An educated person need not depend on favours as they will competently seek public offices while the person who perennially depends on handouts and favors may never achieve fulfillment in their lives. Article 43 of the Constitution guarantees every person’s right to access to education. To ensure that even PWDs fully participate in the development of the country, the first step should be to empower them through ensuring that they acquire relevant education and/or skills or training. Article 53 of the Constitution also guarantees the right of every child to access free and compulsory basic education. The International Covenant on Economic, Social and Cultural Rights (ICESCR) provides under Article 13(1) that the States Parties to the Covenant should recognize the right of everyone to education. It further provides that education should be directed to the full development of the human personality and the sense of its dignity, and shall strengthen the respect for human rights and fundamental freedoms. The provisions also note that education shall enable all persons to participate effectively in a free society, promote understanding, tolerance and friendship among all nations and all racial, ethnic or religious groups, and further the activities of the United Nations for the maintenance of peace.

To actualize this, Article 13(2) lays out the obligations of member States by providing that primary education shall be compulsory and available free to all; secondary education in its different forms, including technical and vocational secondary education, shall be made generally available and accessible to all by every appropriate means, and in particular by the progressive introduction of free education; higher education shall be made equally accessible to all, on the basis of capacity, by every appropriate means, and in particular by the progressive introduction of free education; fundamental education shall be encouraged or intensified as far as possible for those persons who have not received or completed the whole period of their primary education; the development of a system of schools at all levels shall be actively pursued, an adequate fellowship system shall be established, and the material conditions of teaching staff shall be continuously improved. This emphasis by the Covenant supports the assertion that education has the ability to empower PWDs in a way not realizable through affirmative action.

The Basic Education Act, 2013 is an Act of Parliament that was enacted to give effect to Article 53 of the Constitution and other enabling provisions; to promote and regulate free and compulsory basic education; to provide for accreditation, registration, governance and management of institutions of basic education; to provide for the establishment of the National Education Board, the Education Standards and Quality Assurance Commission, and the County Education Board and for connected purposes. This Act has important provisions that would be useful in realization of the right to access to education by PWDs. It is perhaps noteworthy that the Act under section 2 defines “basic education” to mean the educational programmes offered and imparted to a person in an institution of basic education and includes Adult basic education and education offered in pre-primary educational institutions and centers.

The Act also recognizes “special education needs” which it defines to mean conditions, physical, mental or intellectual conditions with substantial and long term adverse effects on the, learning ability (other than exposure) or the needs of those who learn differently or have disabilities that prevent or hinder or make it harder for them to access education or educational facilities of a kind generally provided for learners of the same age in the formal education system. Further, the Act provides that “special needs education” includes education for gifted or talented learners as well as learners with disability and includes education which provides appropriate curriculum differentiation in terms of content, pedagogy, instructional materials, alternative media of communication or duration to address the special needs of learners and to eliminate social, mental, intellectual, physical or environmental barriers to learners.

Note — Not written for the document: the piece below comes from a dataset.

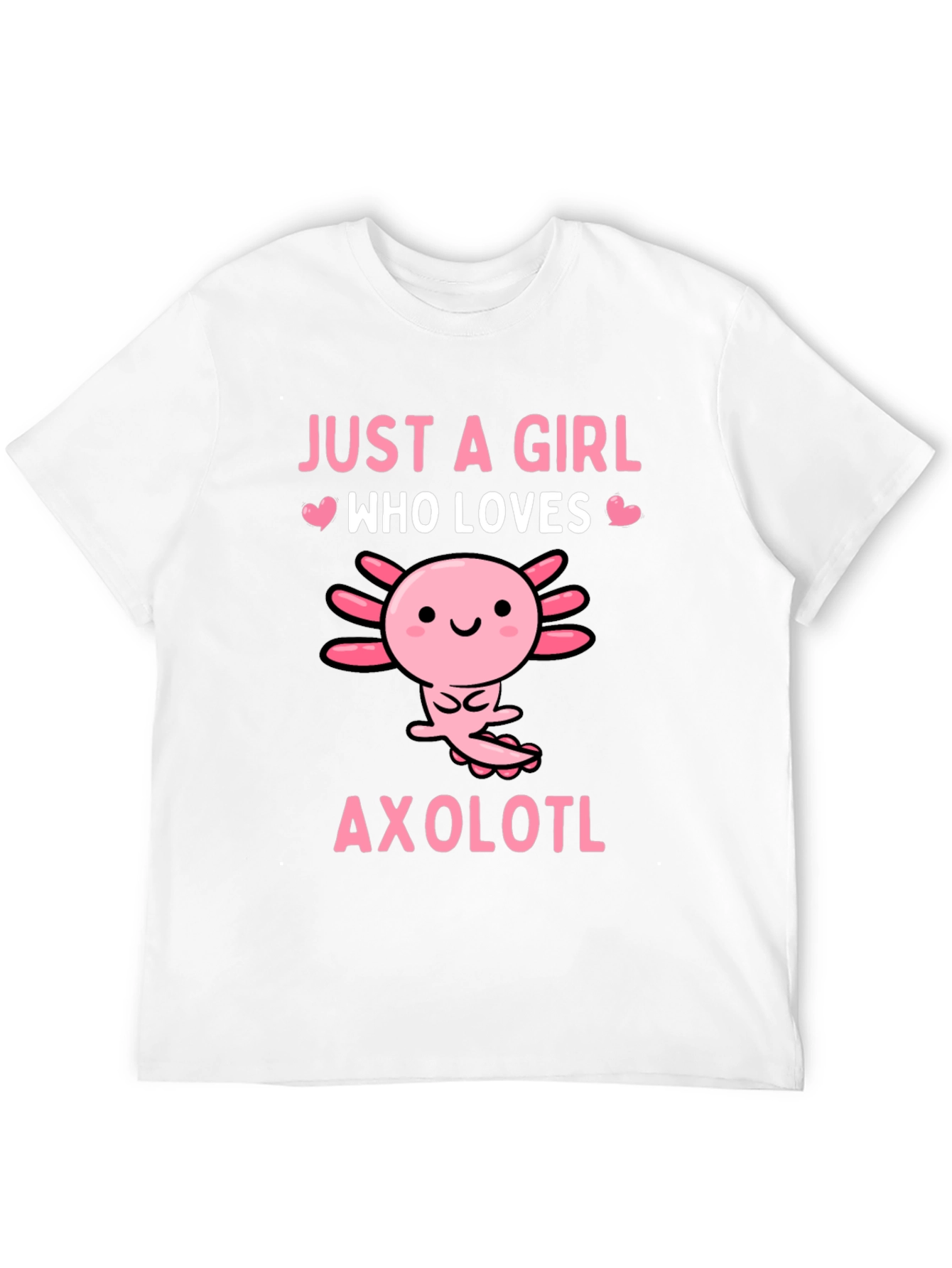 Black Just A Girl Who Loves Axolotls T-Shirt view 12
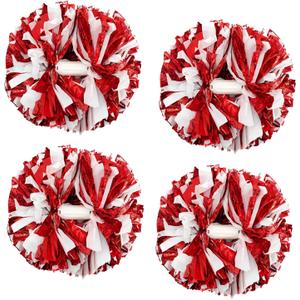4Pcs Metallic Cheerleading Pom Poms, Creatiee 2 Pair Cheerleader Cheering Squad Pompoms for School Sports Dance Games Team Spirit Cheer (Red-White)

Section 4 is also important as it provides the guiding values and principles in the provision of basic education to include inter alia: the right of every child to free and compulsory basic education; equitable access for the youth to basic education and equal access to education or institutions; promotion of quality and relevance; encouraging independent and critical thinking; and cultivating skills, disciplines and capacities for reconstruction and development; promotion of peace,, integration, cohesion, tolerance, and inclusion as an objective in the provision of basic education; imparting relevant knowledge, skills, attitudes and values to learners to foster the spirit and sense of patriotism, nationhood, unity of purpose, togetherness, and respect; promotion of good governance, participation and inclusiveness of parents, communities, private sector and other stakeholders in the development and management of basic education; transparency and cost effective use of educational resources and sustainable implementation of educational services; promoting the respect for the right of the child’s opinion in matters that affect the child; promotion of innovativeness, inventiveness, creativity, technology transfer and an entrepreneurial culture; nondiscrimination, encouragement and protection of the marginalized, persons with disabilities and those with special needs; and provision of appropriate human resource, funds, equipment, infrastructure and related resources that meet the needs of every child in basic education.

As a reflection of the provisions of the International Covenant on Economic, Social and Cultural Rights, section 28 of the Act obligates the Cabinet Secretary in liaison within other stakeholders to provide for the establishment of: pre-primary, primary and secondary schools, mobile schools, and adult and continuing education centers, within a reasonably accessible distance within a county; appropriate boarding primary schools in arid and semi-arid areas, hard-to-reach and vulnerable groups as appropriate; and academic centers, or relevant educational institutions to cater for gifted and talented learners; special and integrated schools for learners with disability. This should be actualized at the earliest.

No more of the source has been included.